As far as falsifiable predictions of climate science how about temperatures continue to rise, ice continues to melt, sea level continues to rise, the oceans continue to acidify? We may not always get the predictions exactly right in the quantifiable sense but if any of those things turned out not to be true it would require a substantial reassessment of the science behind them.
You should go read and comprehend the IPCC reports because they are the best summary of the current science. I don't think they have ever predicted the complete melting of the polar ice caps yet but if they did they would rightly note that it would take thousands of years for that to happen, particularly in Antarctica. Coastal cities will eventually be underwater but if you look at the IPCC projections for sea level rise they've had to be revised upwards because observations have outpaced projections. Same thing with Arctic sea ice. The IPCC projections for the complete disappearance of summer sea ice in the Arctic Ocean have pointed to that happening in the 2040s or 2050s at the earliest. Now that appears to be more likely to happen in the late 2020s or the 2030s.
Here's an interesting analysis of the IPCC's projected sea level rise from the 1990 report that has held up remarkably well. Some of the details are different than expected but the overall rise has followed the best estimate pretty well.
So like I say, rather than believe everything you read on the internet you should dive in and find the actual predictions that scientists have really made rather than the hyperbolic ranting of climate science deniers who are just trying to make it appear that scientists got it wrong.
The fact that they tacked on model predictions for the future onto the hockey stick graph of observations doesn't make it a model.

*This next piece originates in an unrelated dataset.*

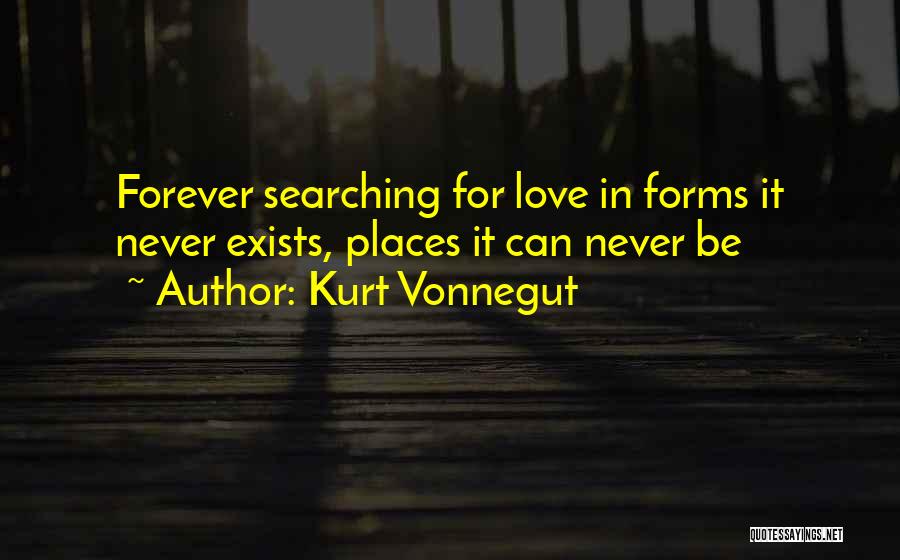 Love Exists Quotes By Kurt Vonnegut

If you're saying they use data from say for instance the temperature records in the model then you would be wrong. There is almost no data input into a climate model. They do input some things like the expected change in the level of greenhouse gases but that's about it.
They are physical models in the sense that they use the physics of the atmosphere to model how climate will evolve. They use equations for fluid dynamics, for radiative transfer of energy and tons of other stuff.